Once you find the line with "Masculine Black &", output it and every line after it exactly, through the last line of the listing, but no pictures.

● **Source material**:
+-------+

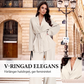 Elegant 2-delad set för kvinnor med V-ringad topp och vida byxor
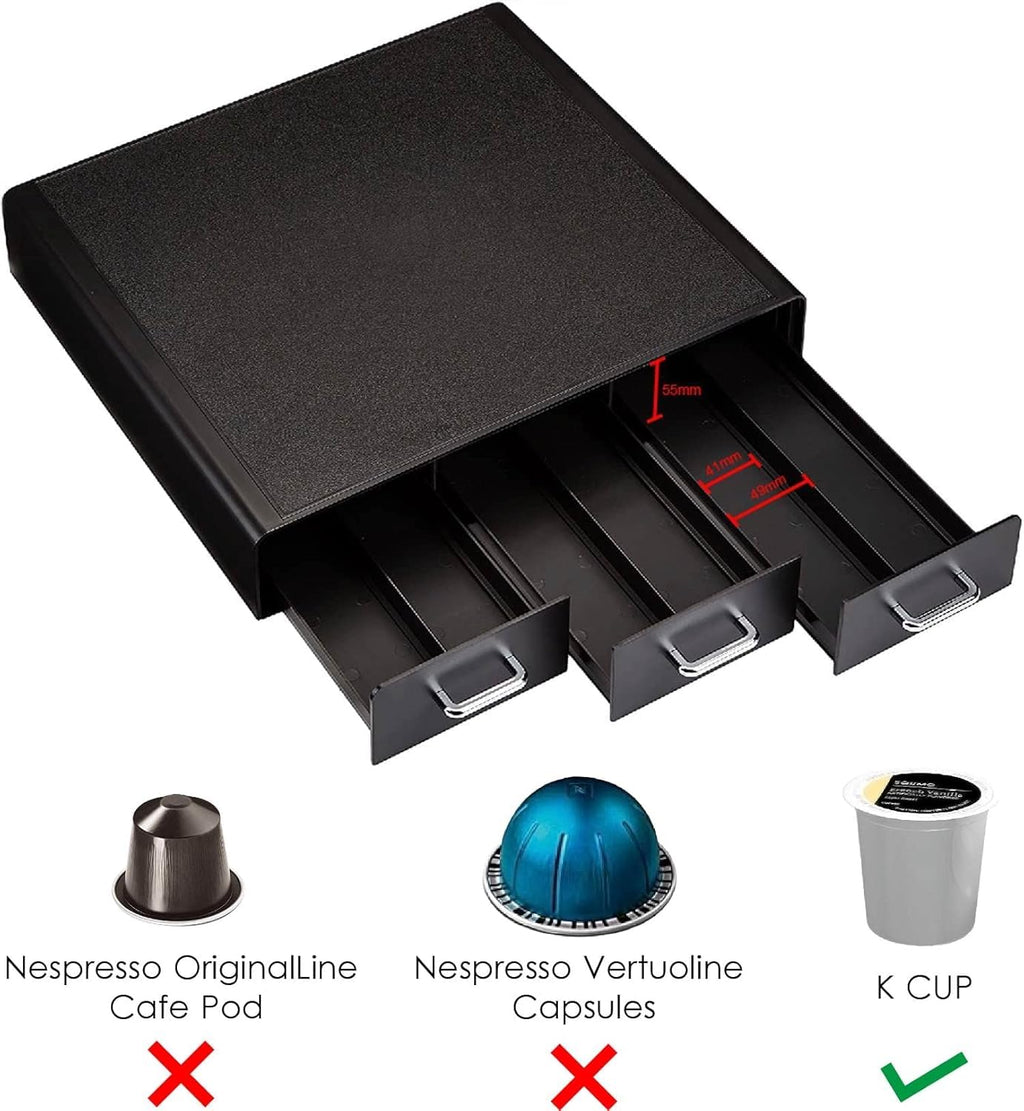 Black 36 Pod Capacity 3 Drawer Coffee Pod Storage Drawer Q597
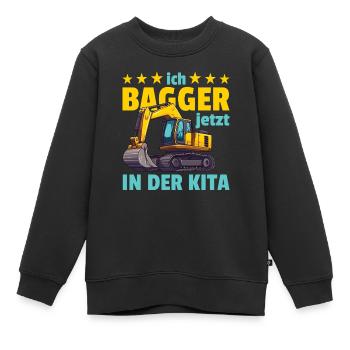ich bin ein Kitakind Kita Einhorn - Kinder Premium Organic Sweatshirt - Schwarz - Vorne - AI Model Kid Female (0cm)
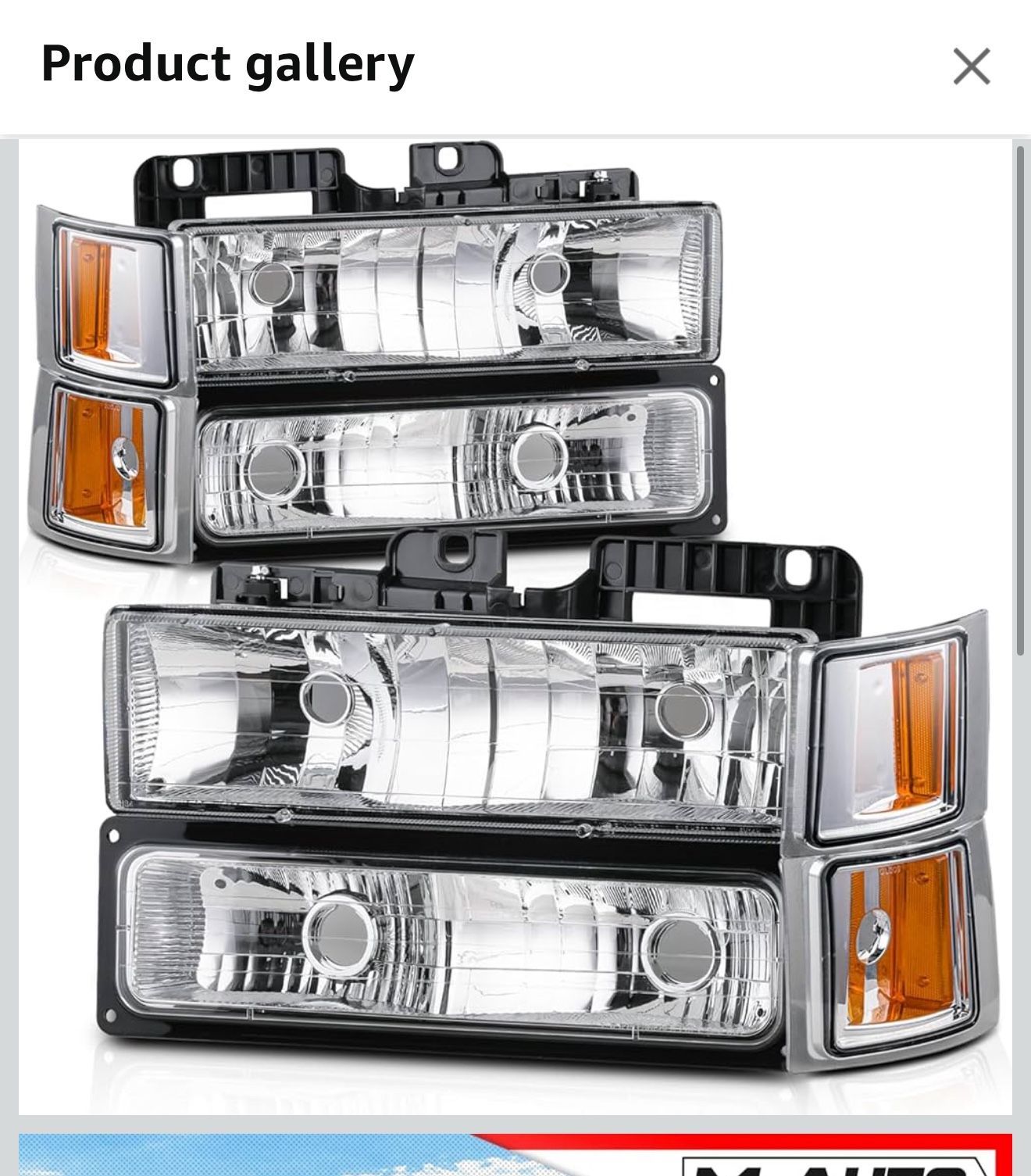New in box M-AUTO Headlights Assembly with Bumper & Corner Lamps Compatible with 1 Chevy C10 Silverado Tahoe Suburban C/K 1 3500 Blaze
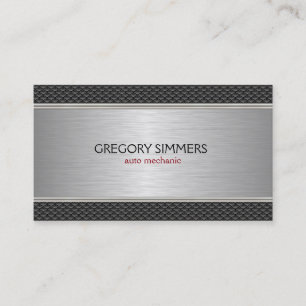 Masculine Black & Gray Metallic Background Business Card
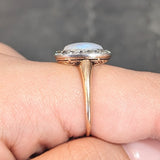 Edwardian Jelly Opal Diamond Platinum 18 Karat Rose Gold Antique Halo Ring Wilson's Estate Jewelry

+-------+

● **Output for this exercise**:
 Masculine Black & Gray Metallic Background Business Card
 Edwardian Jelly Opal Diamond Platinum 18 Karat Rose Gold Antique Halo Ring Wilson's Estate Jewelry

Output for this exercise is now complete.